Chief Information Officer at property management powerhouse JLL, Chris Zissis, recently spoke to CIO UK about empowering innovation, digital transformation, executive support and working with emerging tech startups. [Also read: How CIOs can work with startups]
Zissis and JLL started working with machine learning startup Leverton in 2016 and in his discussion with CIO UK, offered advice to startups about how to sell themselves to CIOs and large corporates.
1. Be clear with your objectives
Zissis said that being completely transparent about what startups want - whether that is investment, growth potential or another reason - is the best policy to build trust. CIOs will ask, Zissis explained: "Do you really have a product or service? Is it built on a scalable basis? Are you really looking for a means to sell your product or idea or are you looking for investment?”
Zissis said that JLL was probably not the kind of organisation to invest in a young organisation just so the startup can become bigger. "My advice is, be very clear from the outset - literally the get-go about what your objective and desired outcome is," Zissis said. "So if your objective and desired outcome is talking to a CIO for investment and so they can grow bigger, startups need to tell you that from the outset."
2. Show you are not a risk
Zissis said that working with Leverton needed to be a partnership between the organisations, and that startups need to appreciate the governance frameworks and environments that larger corporates operate in.
If the startup has a great product but needs it better informed to apply to the enterprise world, Zissis said of the relationship with Leverton, then conversations and relationships are much easier so the companies can work on the project together. "I do not have a massive balance sheet to invest in," Zissis said.
"That little pivot point for me is key; that's the honesty factor from the outset. And if honesty isn't there you figure it out very quickly because we make investment decisions based on a delegated level of authority.
"There is no CIO in this world, unless they have a pot of money or two, who can invest in something that's risky.

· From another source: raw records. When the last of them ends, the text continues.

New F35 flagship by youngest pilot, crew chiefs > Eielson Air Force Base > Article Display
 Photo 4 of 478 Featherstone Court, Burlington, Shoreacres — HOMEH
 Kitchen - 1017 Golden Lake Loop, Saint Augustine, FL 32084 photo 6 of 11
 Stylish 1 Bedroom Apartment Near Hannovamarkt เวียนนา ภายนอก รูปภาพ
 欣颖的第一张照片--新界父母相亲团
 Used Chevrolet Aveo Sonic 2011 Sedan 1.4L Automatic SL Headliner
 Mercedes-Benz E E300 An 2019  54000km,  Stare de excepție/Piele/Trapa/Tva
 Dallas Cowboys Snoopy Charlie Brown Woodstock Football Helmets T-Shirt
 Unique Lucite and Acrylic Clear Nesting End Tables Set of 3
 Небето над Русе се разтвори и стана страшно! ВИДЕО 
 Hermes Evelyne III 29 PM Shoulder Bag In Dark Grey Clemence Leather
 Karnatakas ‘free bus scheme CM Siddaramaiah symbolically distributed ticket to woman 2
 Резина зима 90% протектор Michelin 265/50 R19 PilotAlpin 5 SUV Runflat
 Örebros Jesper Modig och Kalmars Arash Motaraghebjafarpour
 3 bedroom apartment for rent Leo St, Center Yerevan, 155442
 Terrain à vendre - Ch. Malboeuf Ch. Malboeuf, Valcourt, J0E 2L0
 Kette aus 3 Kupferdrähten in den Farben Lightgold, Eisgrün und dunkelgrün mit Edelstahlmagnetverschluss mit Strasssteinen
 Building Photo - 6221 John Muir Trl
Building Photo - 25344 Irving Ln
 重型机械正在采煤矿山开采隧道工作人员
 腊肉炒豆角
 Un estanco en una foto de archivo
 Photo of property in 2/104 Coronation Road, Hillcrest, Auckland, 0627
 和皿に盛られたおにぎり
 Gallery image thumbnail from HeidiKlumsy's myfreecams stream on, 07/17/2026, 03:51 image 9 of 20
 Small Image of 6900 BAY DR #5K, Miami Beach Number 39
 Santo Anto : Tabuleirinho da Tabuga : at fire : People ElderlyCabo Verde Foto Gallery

We go through a process of approval and governance like every other corporate does. And startups need to understand that, and if they don't understand it I think they get frustrated."
3. Sustainability, not pace
Zissis said that sustainability and adding value was higher up the agenda for CIOs and corporates than moving at a really significant pace.
"I have found the new incumbents are just far too eager to move at pace," Zissis said. "And the pace often outweighs value.
"I'm not saying don't move at speed because IT departments are often accused of not moving at speed of the business - but we require sustainability."